[ACTIVITY]:
Omit every picture, and retype the lines that run from the beginning of the data below through the line containing "Scripture Walls His", inclusive.

╭─ SOURCE DATA

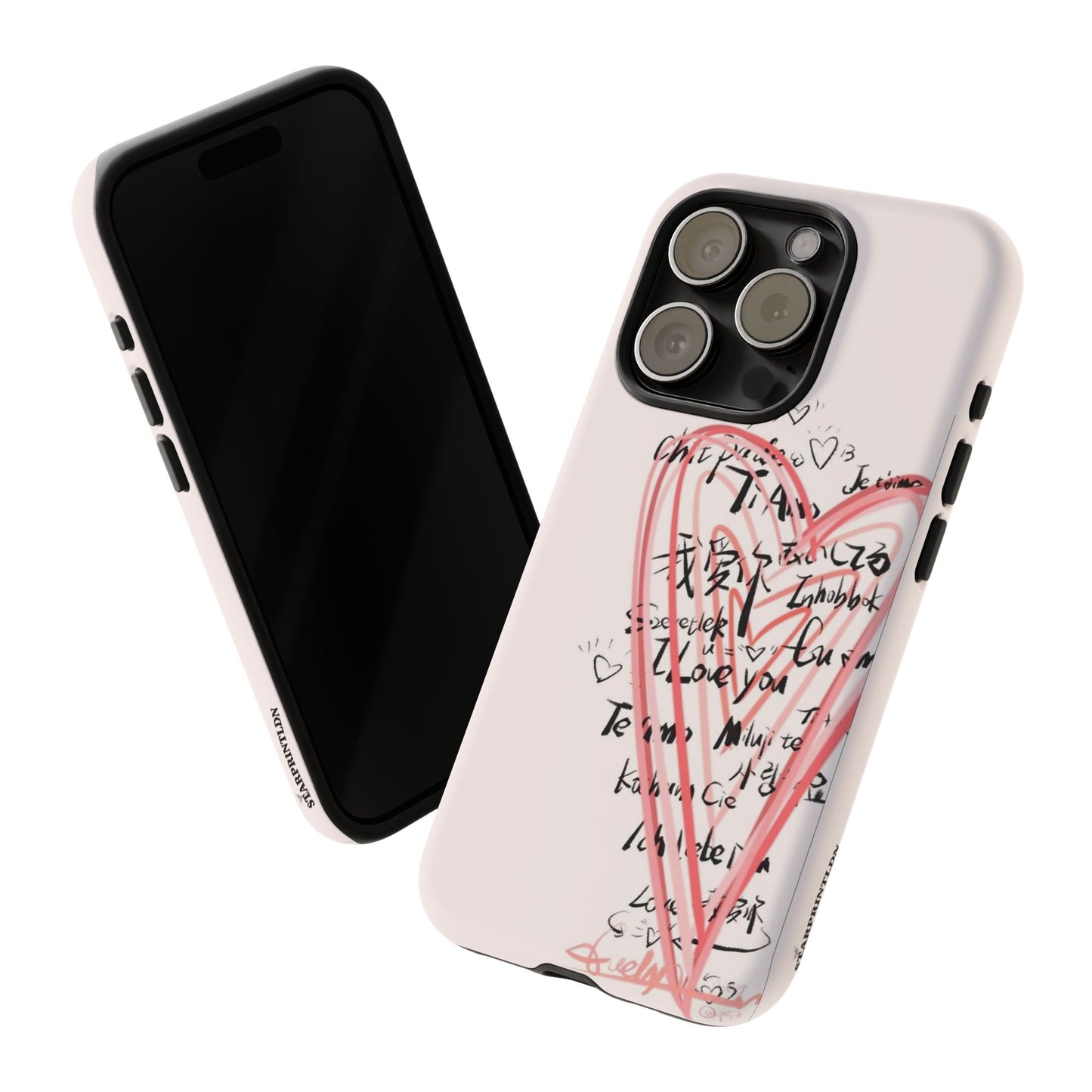 Pink Sketched Heart Case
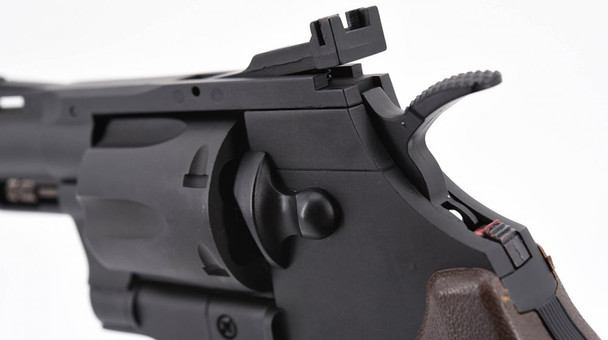 Hwasan 1312 Co2 Powered Metal Airsoft Revolver 2.5" in Black with Brown Grip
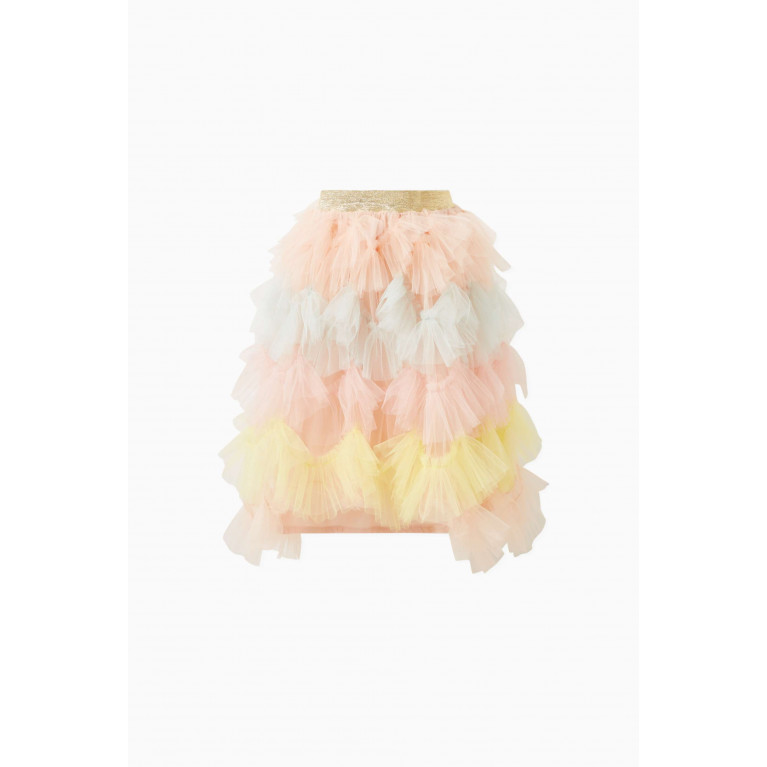 Raspberry Plum - Nena Ruffled Midi Skirt in Tulle
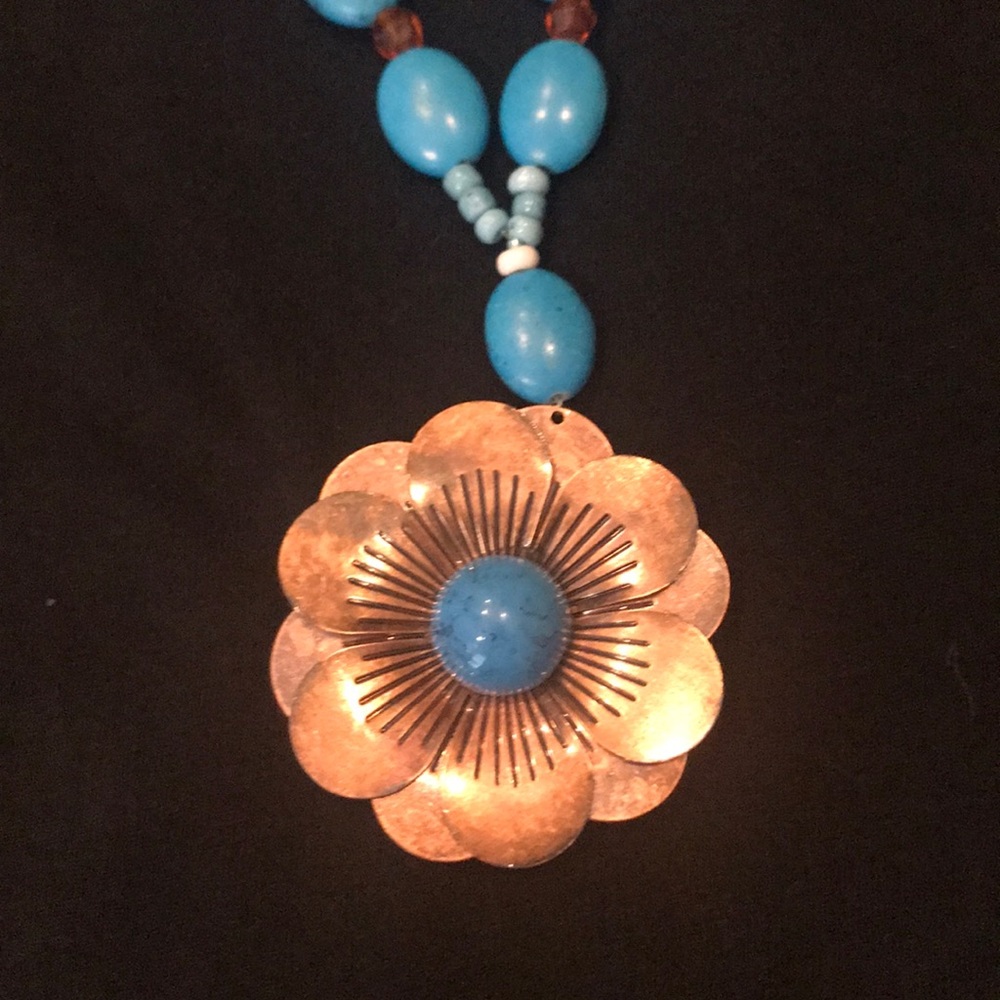 Boho Copper/Turquoise Colored Statement Necklace - image 2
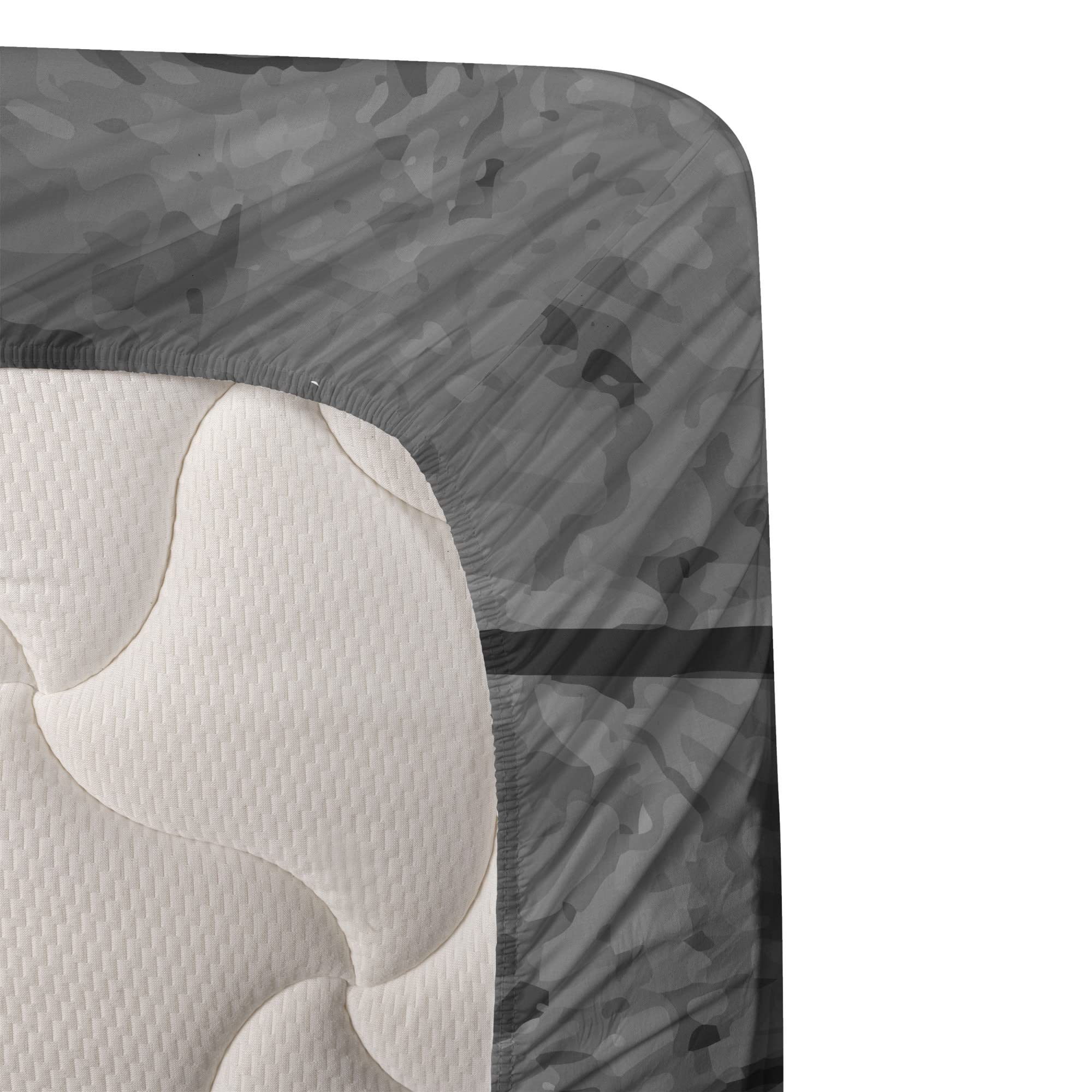 Ambesonne Fitness Sheet Set 4-Piece - Full Size Bedding with Fitted Sheet, Flat Sheet & Pillowcases - Pale Yellow Black Grey Gym Print - Perfect for Home Workout Rooms, Yoga Studios & Fitness Enthusiasts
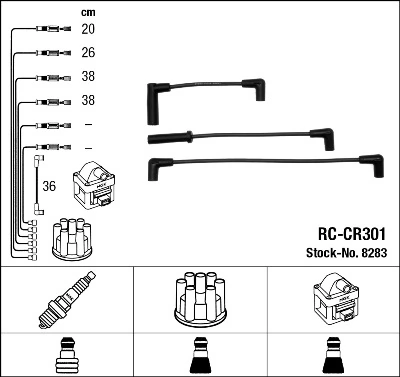 8283 NGK Fios de alta voltagem, kit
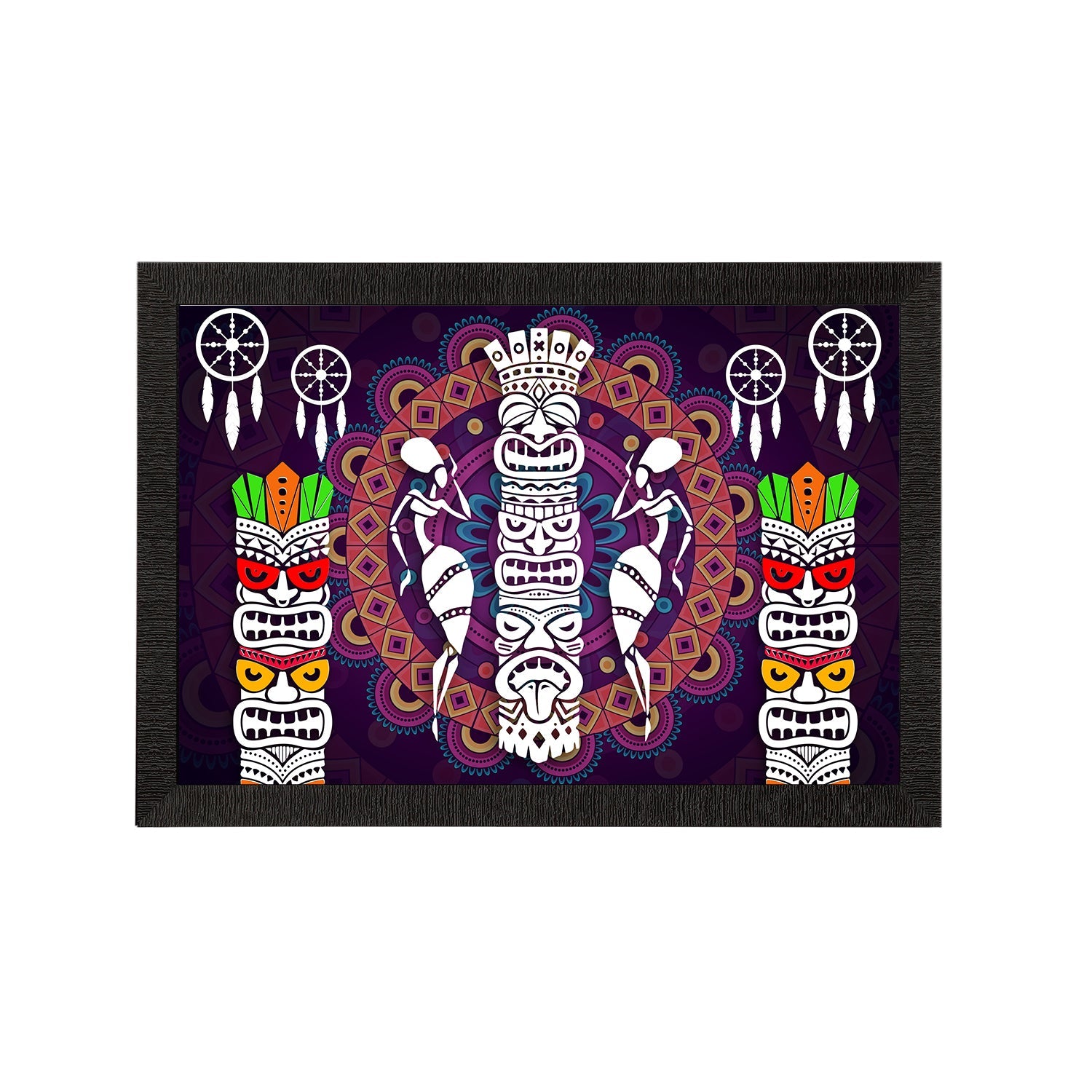Tribal Theme Satin Matt Texture UV Art Painting Kafalo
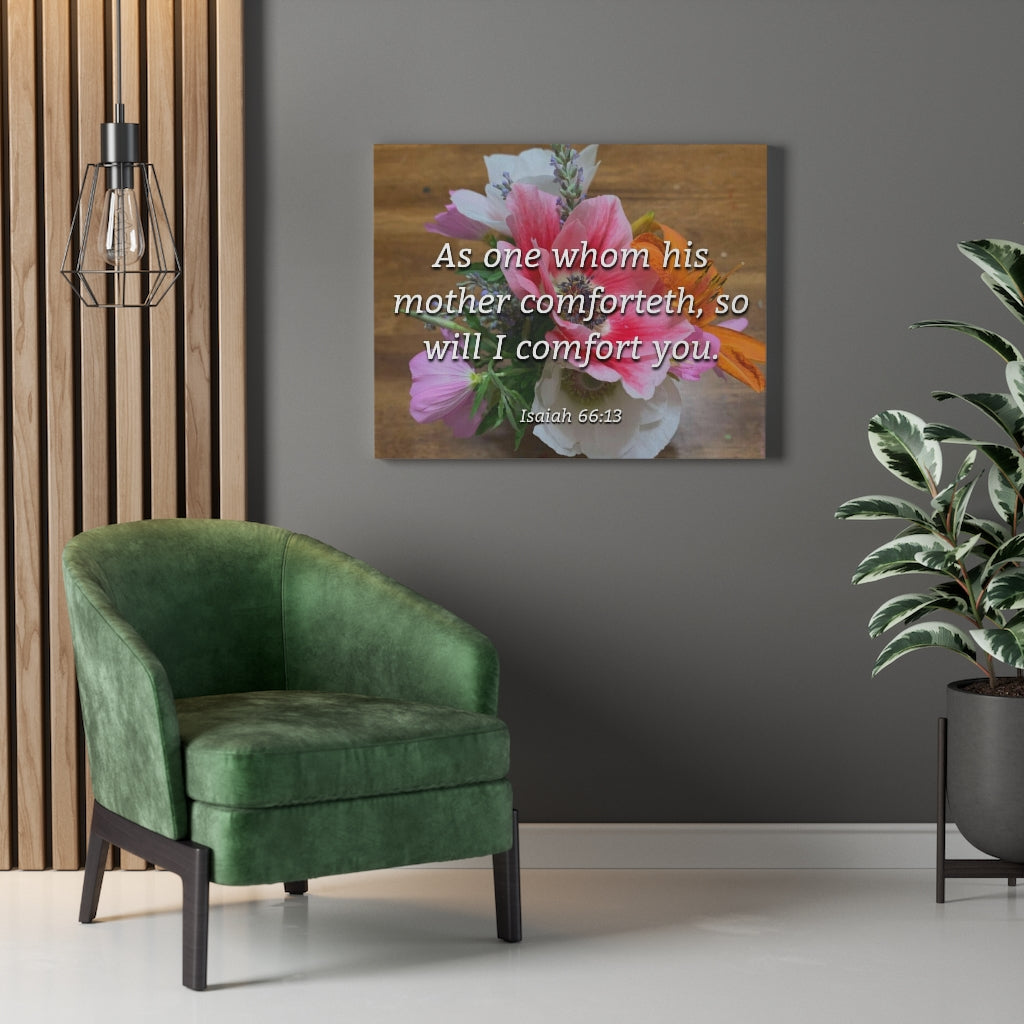 Scripture Walls His Mother Comforteth Isaiah 66:13 Bible Verse Canvas Christian Wall Art Ready to Hang Unframed-Express Your Love Gifts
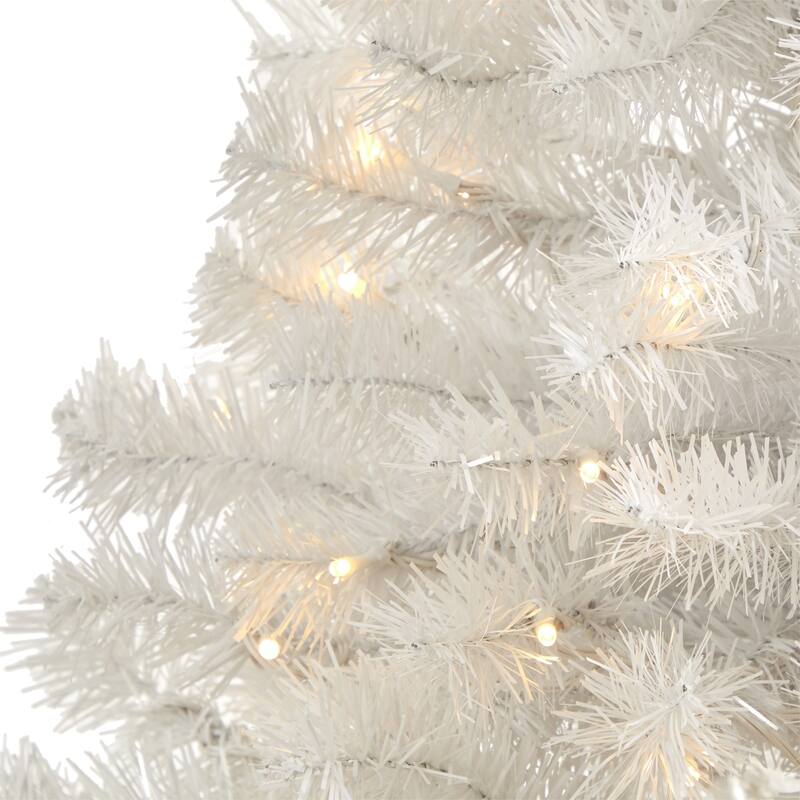 5' Pre-Lit Artificial Christmas Tree, Clear LED Lights - 5 Foot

╰─

[RESULT FOR THIS EXERCISE]:
 Pink Sketched Heart Case
 Hwasan 1312 Co2 Powered Metal Airsoft Revolver 2.5" in Black with Brown Grip
 Raspberry Plum - Nena Ruffled Midi Skirt in Tulle
 Boho Copper/Turquoise Colored Statement Necklace - image 2
 Ambesonne Fitness Sheet Set 4-Piece - Full Size Bedding with Fitted Sheet, Flat Sheet & Pillowcases - Pale Yellow Black Grey Gym Print - Perfect for Home Workout Rooms, Yoga Studios & Fitness Enthusiasts
 8283 NGK Fios de alta voltagem, kit
Tribal Theme Satin Matt Texture UV Art Painting Kafalo
 Scripture Walls His Mother Comforteth Isaiah 66:13 Bible Verse Canvas Christian Wall Art Ready to Hang Unframed-Express Your Love Gifts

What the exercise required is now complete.